Los reguladores europeos ya están incorporando en sus borradores de normativa conceptos como la seguridad funcional, la ciberseguridad y la gestión de riesgos sistémicos. A raíz de este episodio, no sería extraño ver mayores exigencias en ámbitos como:
- Planes de emergencia específicos para cortes de luz o caídas de red de datos que afecten a zonas amplias de una ciudad.
- Obligación de disponer de protocolos claros de retirada rápida de vehículos autónomos inmovilizados en puntos críticos.
- Requisitos de transparencia sobre cómo actúa el algoritmo en situación de crisis y qué margen tienen los operadores humanos.
- Simulaciones y pruebas de estrés conjuntas entre ayuntamientos, cuerpos de seguridad y empresas de movilidad.
En el caso español, ciudades que aspiran a posicionarse como polos de movilidad inteligente —Madrid, Barcelona, Valencia, Málaga, Bilbao o Zaragoza, entre otras— pueden tomar buena nota. Planificar escenarios de apagón, caídas de red o desastres naturales antes de que haya una flota autónoma funcionando de forma masiva puede ahorrar muchos dolores de cabeza cuando llegue el momento de escalar.
Además, la percepción pública es un factor crítico. En Europa, donde la aceptación social de nuevas tecnologías suele ser más prudente, escenas de coches sin conductor bloqueando cruces durante un apagón pueden reforzar reticencias si no se acompañan de mensajes claros, transparencia y una comunicación honesta de riesgos y límites por parte de las empresas y las administraciones.

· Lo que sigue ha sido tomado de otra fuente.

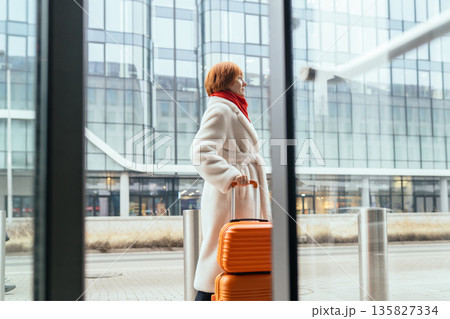 Mature woman in light coat standing outdoors with orange suitcase near modern glass building. Concept of travel, relocation, business trip, urban mobility, independence, solo traveler in city Mature woman in light coat standing outdoors with orange suitcase near modern glass building. Concept of travel, relocation, business trip, urban mobility, independence, solo traveler in city 135827334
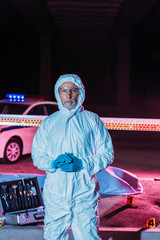male criminologist in protective suit and mask looking at camera near crime scene with corpse in body bag and case with investigation tools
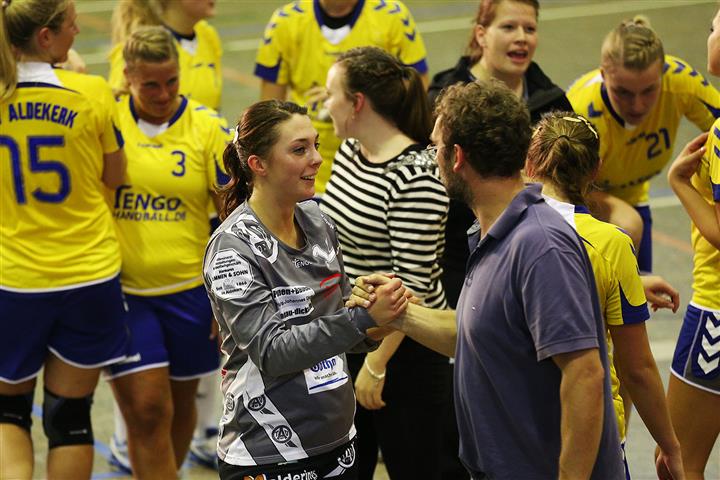 Ein Handballtrainer gratuliert seiner Spielerin nach dem Sieg 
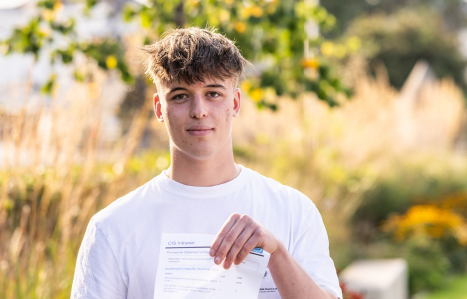 A male student holds his results and smiles at the camera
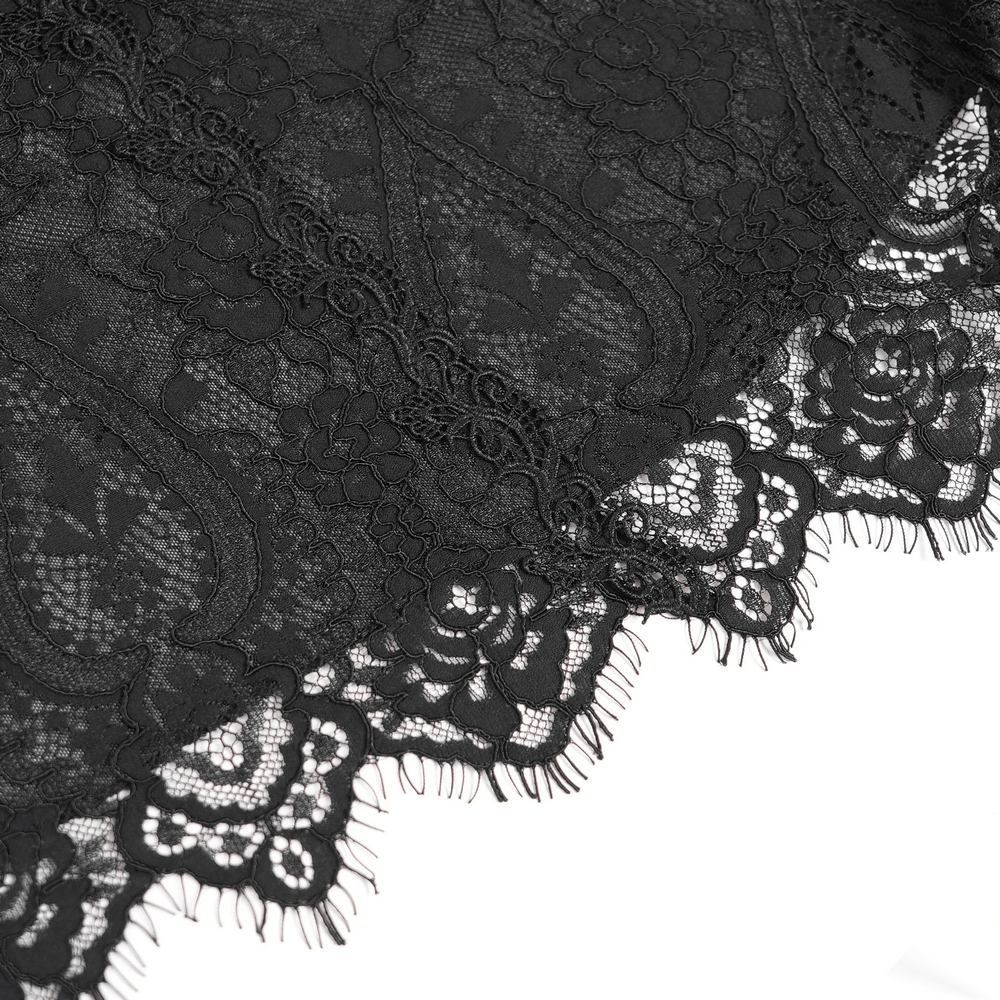 Close-up of elegant black lace fabric showcasing intricate floral patterns and delicate fringed edges.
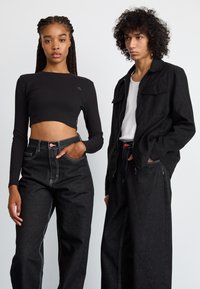 Black cropped ribbed long-sleeve top, high-waisted black denim pants with contrasting white stitching. Model in black zip-up jacket and t-shirt.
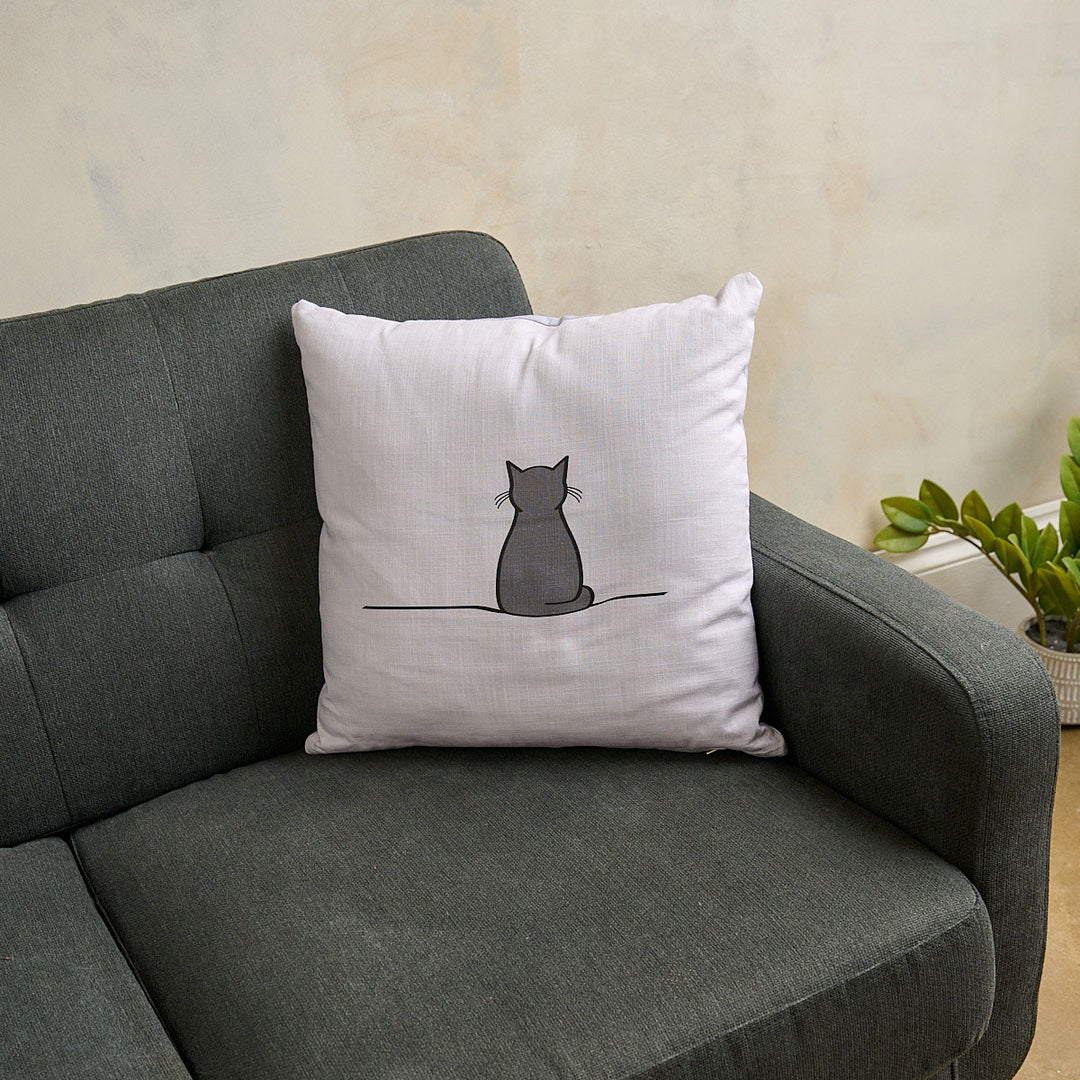 Sitting Cat Cushion on Grey Sofa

Todo lo ocurrido con los robotaxis de Waymo tras el apagón en San Francisco deja una fotografía nítida: la movilidad autónoma ya está lo bastante avanzada como para mover a cientos de miles de personas cada semana, pero sigue siendo vulnerable a fallos de la infraestructura sobre la que se apoya. Para las ciudades europeas y españolas que miran de reojo a este tipo de servicios, el mensaje es claro: antes de llenar las calles de vehículos sin conductor, conviene asegurarse de que la red eléctrica, las telecomunicaciones, los protocolos de emergencia y la regulación están preparados para cuando las cosas no salen como en los folletos comerciales.